Your reply should consist solely of the lines from the one containing "this 450×318 image." through the end of the data, restated word for word.

------ Records provided

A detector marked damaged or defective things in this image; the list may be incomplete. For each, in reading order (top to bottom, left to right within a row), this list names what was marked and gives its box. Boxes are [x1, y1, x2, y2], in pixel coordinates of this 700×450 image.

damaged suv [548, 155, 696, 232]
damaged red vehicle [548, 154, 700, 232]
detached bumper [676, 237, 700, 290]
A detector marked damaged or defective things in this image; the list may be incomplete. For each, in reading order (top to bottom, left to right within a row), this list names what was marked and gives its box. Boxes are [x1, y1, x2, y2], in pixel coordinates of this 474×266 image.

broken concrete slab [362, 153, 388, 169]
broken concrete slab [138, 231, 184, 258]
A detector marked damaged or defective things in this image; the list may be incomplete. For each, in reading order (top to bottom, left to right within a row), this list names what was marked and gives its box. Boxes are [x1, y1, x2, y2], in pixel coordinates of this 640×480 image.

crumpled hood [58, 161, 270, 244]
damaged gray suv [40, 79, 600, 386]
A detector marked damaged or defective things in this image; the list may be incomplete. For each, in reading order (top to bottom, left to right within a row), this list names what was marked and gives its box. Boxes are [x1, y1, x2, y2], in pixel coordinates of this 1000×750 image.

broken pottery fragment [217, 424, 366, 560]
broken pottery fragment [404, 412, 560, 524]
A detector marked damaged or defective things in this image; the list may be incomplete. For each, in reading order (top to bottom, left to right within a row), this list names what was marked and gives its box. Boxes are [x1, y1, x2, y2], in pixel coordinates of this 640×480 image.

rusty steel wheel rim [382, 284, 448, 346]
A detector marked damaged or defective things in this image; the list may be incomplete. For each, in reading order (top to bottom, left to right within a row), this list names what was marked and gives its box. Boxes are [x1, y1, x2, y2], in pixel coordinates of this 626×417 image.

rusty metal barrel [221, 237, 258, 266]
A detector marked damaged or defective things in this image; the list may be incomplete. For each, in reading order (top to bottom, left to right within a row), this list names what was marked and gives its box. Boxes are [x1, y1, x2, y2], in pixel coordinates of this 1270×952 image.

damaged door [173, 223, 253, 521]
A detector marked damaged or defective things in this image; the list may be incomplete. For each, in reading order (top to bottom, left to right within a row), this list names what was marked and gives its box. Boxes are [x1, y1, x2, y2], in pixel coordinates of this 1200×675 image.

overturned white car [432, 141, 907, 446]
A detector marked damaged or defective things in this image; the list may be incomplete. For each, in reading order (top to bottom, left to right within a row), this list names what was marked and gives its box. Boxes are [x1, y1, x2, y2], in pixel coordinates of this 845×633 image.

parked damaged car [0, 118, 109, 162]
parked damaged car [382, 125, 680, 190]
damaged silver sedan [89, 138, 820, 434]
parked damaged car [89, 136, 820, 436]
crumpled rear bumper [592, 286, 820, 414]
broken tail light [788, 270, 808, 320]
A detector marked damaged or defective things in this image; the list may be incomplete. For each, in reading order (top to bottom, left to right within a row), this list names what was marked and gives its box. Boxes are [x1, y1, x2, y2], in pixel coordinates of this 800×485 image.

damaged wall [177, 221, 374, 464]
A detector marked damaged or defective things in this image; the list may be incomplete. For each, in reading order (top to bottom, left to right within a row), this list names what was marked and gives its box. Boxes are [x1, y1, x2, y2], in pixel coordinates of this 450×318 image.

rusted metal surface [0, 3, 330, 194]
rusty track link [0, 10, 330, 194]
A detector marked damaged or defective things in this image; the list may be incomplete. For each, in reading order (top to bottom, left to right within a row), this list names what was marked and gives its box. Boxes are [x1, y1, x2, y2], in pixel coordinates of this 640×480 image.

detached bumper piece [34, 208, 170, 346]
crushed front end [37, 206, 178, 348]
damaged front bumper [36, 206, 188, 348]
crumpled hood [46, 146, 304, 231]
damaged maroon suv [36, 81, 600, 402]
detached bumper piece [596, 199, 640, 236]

------------

**Result:**
A detector marked damaged or defective things in this image; the list may be incomplete. For each, in reading order (top to bottom, left to right within a row), this list names what was marked and gives its box. Boxes are [x1, y1, x2, y2], in pixel coordinates of this 450×318 image.

rusted metal surface [0, 3, 330, 194]
rusty track link [0, 10, 330, 194]
A detector marked damaged or defective things in this image; the list may be incomplete. For each, in reading order (top to bottom, left to right within a row), this list names what was marked and gives its box. Boxes are [x1, y1, x2, y2], in pixel coordinates of this 640×480 image.

detached bumper piece [34, 208, 170, 346]
crushed front end [37, 206, 178, 348]
damaged front bumper [36, 206, 188, 348]
crumpled hood [46, 146, 304, 231]
damaged maroon suv [36, 81, 600, 402]
detached bumper piece [596, 199, 640, 236]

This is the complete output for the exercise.